The following models were trained in each case: 

  • A baseline engine with no constraints. 
  • Random sampling models: Models where random subsequences of target tokens were sampled and subsequently constrained. Different models were trained using either surface or lemmatised forms of the entries in the dictionary. 
  • Dictionary models: Models where the entries extracted in the dictionary are constrained. Again different models were trained constraining either the surface forms or the lemmas. 
  • Dictionary, skip half models: Models where constraints were only applied to half of the training data. 


The authors compute the automatic evaluation metric BLEU, but also the coverage of the terms being targeted in each case. As they make a distinction between surface forms and lemmas, they also compute the coverage of the two. 

They observe that the best model is the one trained with constraints based on dictionary searches in the case of the oracle constraint test set, for which the constraints are generated in the same way. Besides that, it also seems that BLEU and coverage drop substantially when no constraints are supplied. In this test set, the coverage of surface forms is up to 93% in the case of models trained with surface forms, and that coverage drops to 61-68% when using lemmatized constraints. However, this was to be expected, as these models were trained aiming at reproducing the surface forms given the constraints. 

When looking at the terminology integration, it seems that generating the correct constraint form is challenging for the model if the surface form is different from the one provided in the input. To properly assess this, they split the Europarl test set into two categories: sentences that contain the same surface form in the reference as it was in the constraint, and sentences whose term surface form differs from the constraint. While 44% of the surface forms were covered, if we look at the lemma coverage, this percentage goes up to 96.6%. This difference seems to be more pronounced when the surface form of the term is different. A manual human evaluation, however, showed that in 92% “of the cases marked as not covered when using the lemmatized model, the form of the constraint is different from the reference, but correct given the context, as the model translates the sentences differently (but correctly).” 

Finally, when using constrained decoding to compare their proposed method against another state-of-the-art method, they evaluated lexically constrained decoding on the Europarl test sets.

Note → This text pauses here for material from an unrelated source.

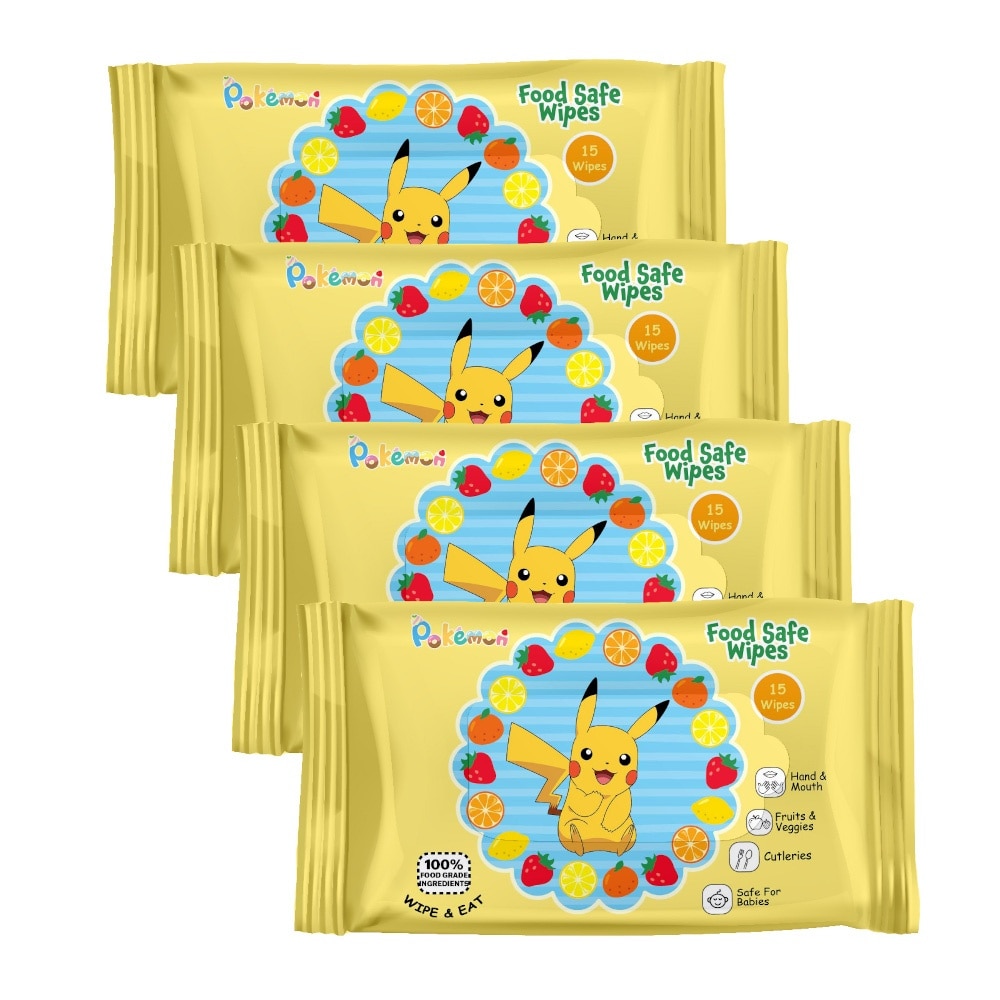 Pokemon Food Safe Wipes Packset (100% Food Grade Ingredients) 15s x 4 Packs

Their results show that while constrained decoding produces the constraints in the output as expected, but precisely because of that it fails at reproducing the surface forms when they are different from the constraint used. 

In summary 

Jon et al. (2021) propose a relatively simple way to use learned constraints at training that seems to be promising, particularly for morphologically rich languages. Their approach is to a certain extent similar to other approaches making use of annotations to help MT models learn translations, and hence differs from constrained decoding that forces the appearance of a certain term in the output. This has advantages and disadvantages: on the one hand, the model learns to translate terms correctly without having to constrain all individual word forms of a term. On the other hand, it also fails at times, since we are effectively trying to “teach” the model how to translate a certain term, but the model is the one that ultimately “decides” which translation is used at decoding time. 

Whether this is good enough for real production settings would still need to be assessed. Would a client agree to have terms translated correctly the majority of the time, with some mistranslations every now and then, which would be the case if such models were to be used? Of course, another influencing factor would be the use-case of the MT. This is indeed an interesting approach, but when it comes to translating terminology, the main question is: how good is good enough?